Me crié en una familia de hosteleros y, desde bien pequeño, escuché con pavor aquellas palabras demoledoras. Era una manera de empujarme a estudiar, viajar y ver mundo, de no conformarme con «este oficio tan esclavo» que tenía al resto de mi familia encadenada al restaurante.
La palabra esclavo implica un trabajo a destajo, sin contraprestación económica y nulo valor social. Y sin embargo yo veía a mi abuela feliz al despedirse de sus clientes, recibir elogios, tejer amistades, estrenar unos pendientes después de un buen verano o proporcionar a su prole la mejor educación posible.
¿Era ella una esclava? Para mí siempre fue una brillante y hacendosa abeja reina.
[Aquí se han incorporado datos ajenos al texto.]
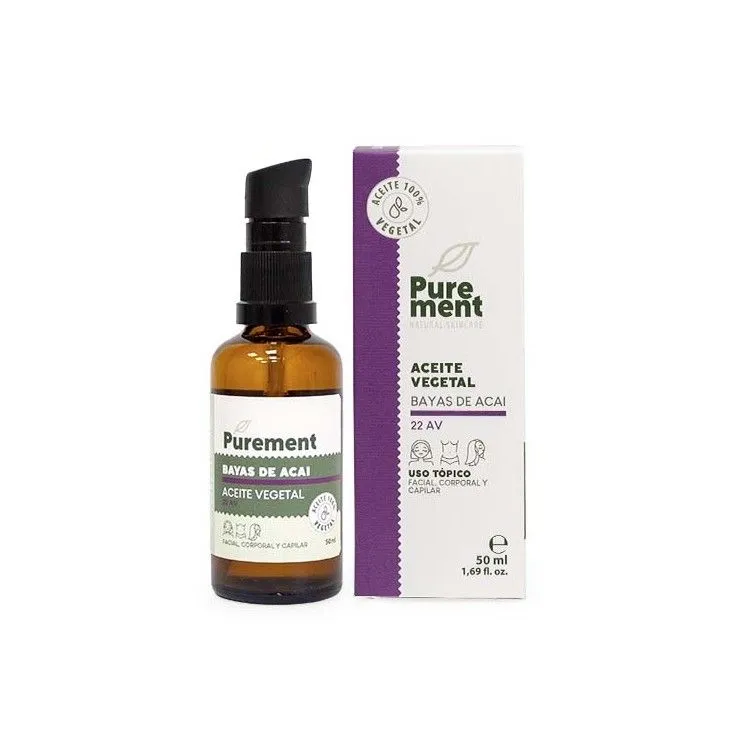Huile végétale d'Acaï BIO 50 ml, Purement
Si la comparo con quienes pasan diez horas al día delante de una pantalla, con un médico de urgencias que encadena guardias de 48 horas bajo una presión que le quiebra emocionalmente o incluso con un alto ejecutivo –asediado por cumplir objetivos y maldurmiendo más de 200 noches al año en hoteles de empresa–, mi abuela era una privilegiada.
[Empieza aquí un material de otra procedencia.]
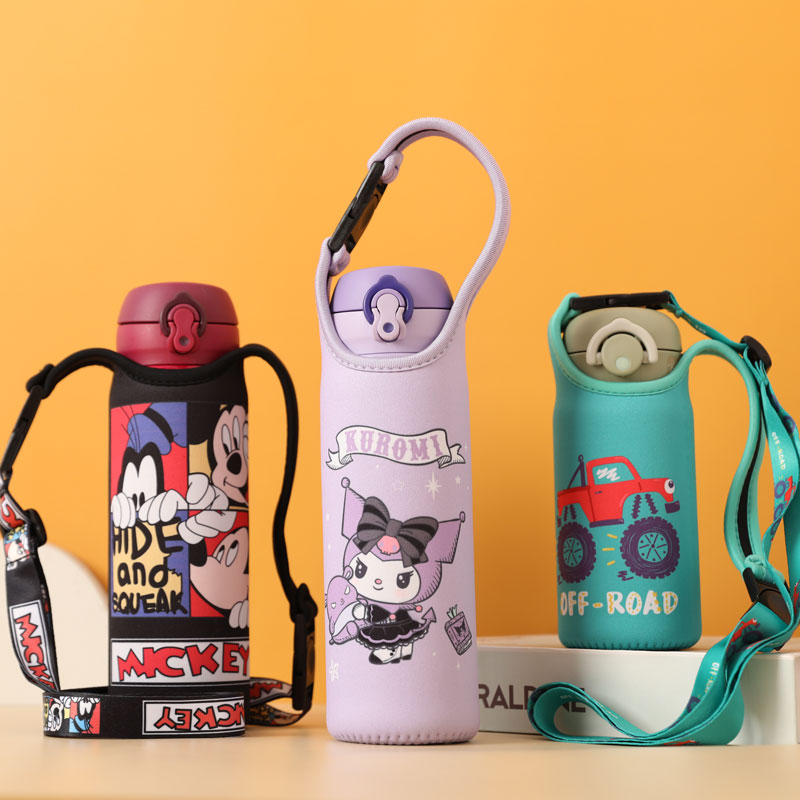 魔膳师手提斜跨两用杯套 350 500 600ML保温杯专用防摔保护套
Es un tópico eso de que la hostelería impide disfrutar de la vida. Se repite con una mezcla de lástima y condescendencia, como si uno estuviera condenado a servir mientras el resto del mundo vive. Pero lo cierto es que pocos trabajos permiten una relación tan directa con el placer: ver a un cliente brindar, servirse otro plato de alubias o chuperretear las espinas de un pescado es, como poco, más entretenido que revisar un Excel de macros.
Por supuesto que hay cansancio físico, momentos de tensión y días cercenados por un turno partido, pero también una recompensa inmediata que no se encuentra en otras profesiones, teóricamente mejor valoradas. Exige compromiso y cierta tolerancia al caos, pero ¿qué oficio no pide peajes?
A veces no lo parece, pero el sector se está sacudiendo por fin el yugo de una cultura del sacrificio mal entendida. Los hosteleros de hoy no hacen jornadas de sol a sol, como mi abuela. Se las ingenian para librar más, conciliar horarios o escaparse fuera de temporada. Si se lo montan bien, pueden acabar siendo la envidia de sus amigos, atrapados en la esclavitud de salir los sábados o irse de vacaciones en agosto.